Здесь, за восемь веков «до», такое — «богачество невыразимое».
Воля! Над душой ни попа, ни боярина… Благодать! Юг, чернозём… Шестьдесят пудов на пятерых?! — Обожраться!
«Керосин», «спички» — а что это? Ковать коня на полный круг, пахать на быках… разве так бывает?
* * *
Хлебопашество на «Святой Руси» имеет свою историю развития. Умом мы это понимает, но в душе «опрокидываем» представления об 19 в. в далёкое прошлое. «Что было — то и… и прежде было». Анахронизмируем.
Чуть подробнее.
До эпохи раннего железа на территории лесной полосы Восточной Европы господствует ячмень.
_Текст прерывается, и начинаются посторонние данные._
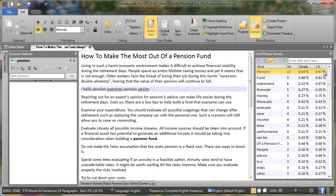And here it's calculated that LSI, which is a latent semantic index, of the word pension is fairly high. Now what that means is the article is about a pension. So the higher the LSI, the more relevant the article is to that term.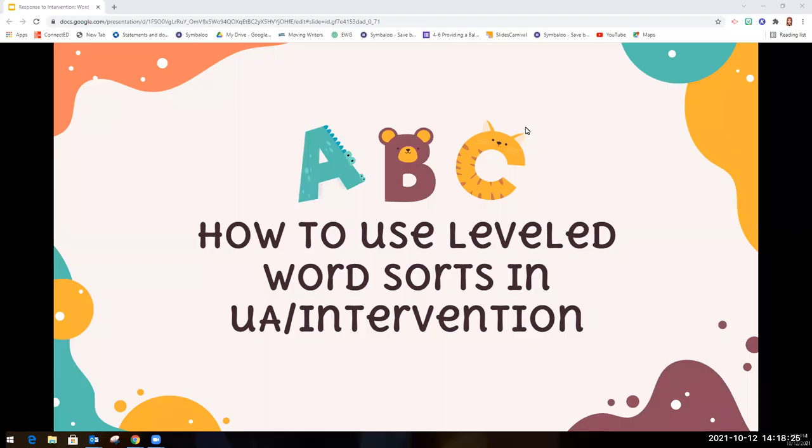Hi OMSD teachers and support staff. Today I'm going to share with you how to use Words Their Way Wordsorts in your UA or Intervention classrooms as an independent task for students to do while you're pulling small groups.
Потом его меньше: к 10 в. — 2/3 от пшеницы.
Вторая половина I тысячелетия: на первом месте пшеница (мягкая), втрое меньше — полба. Примерно столько же мелкоплодных бобов. Несколько меньше гороха.
Почему на Новгородчине, например, горох, идеально подходящий по почвам, климату, световому дню… к местным условиям, превосходящий по урожайности и пищевой полезности рожь и пшеницу, не стал главной культурой — не знаю. Презрительное отношение сохраняется и в фольке 20 в.:
«Мы и пляшем, и пердим —
Хлеб гороховый едим».
Овса — нет. Точнее: он являлся засорителем ячменя и пшеницы. Ещё меньше другого засорителя — ржи.
Рожь и овёс — исконно-посконные хлеба наших предков. Для тех же предков, но предканутее — сорняки.
В X в. происходит «ржаной скачок» — «сорняк» становится основной культурой. Очень быстро появляется везде: Киев, Смоленск, Новгород… Связано ли это со «становлением Древнерусской государственности» и «Крещением Руси» — не знаю.
После ржи второе и третье места делят ячмень и пшеница. Овёс — на четвёртом.
Такой «квартет» в русской истории — на века. Рожь всё более обгоняет остальных, просо выпадает из основного списка. При этом, в конкретных местах-временах вдруг возникают резкие отклонения. Например, в Смоленске XIII в., преобладает рожь, но во второй половине столетия — овёс. Для Батыя? «Овсянка, сэр»?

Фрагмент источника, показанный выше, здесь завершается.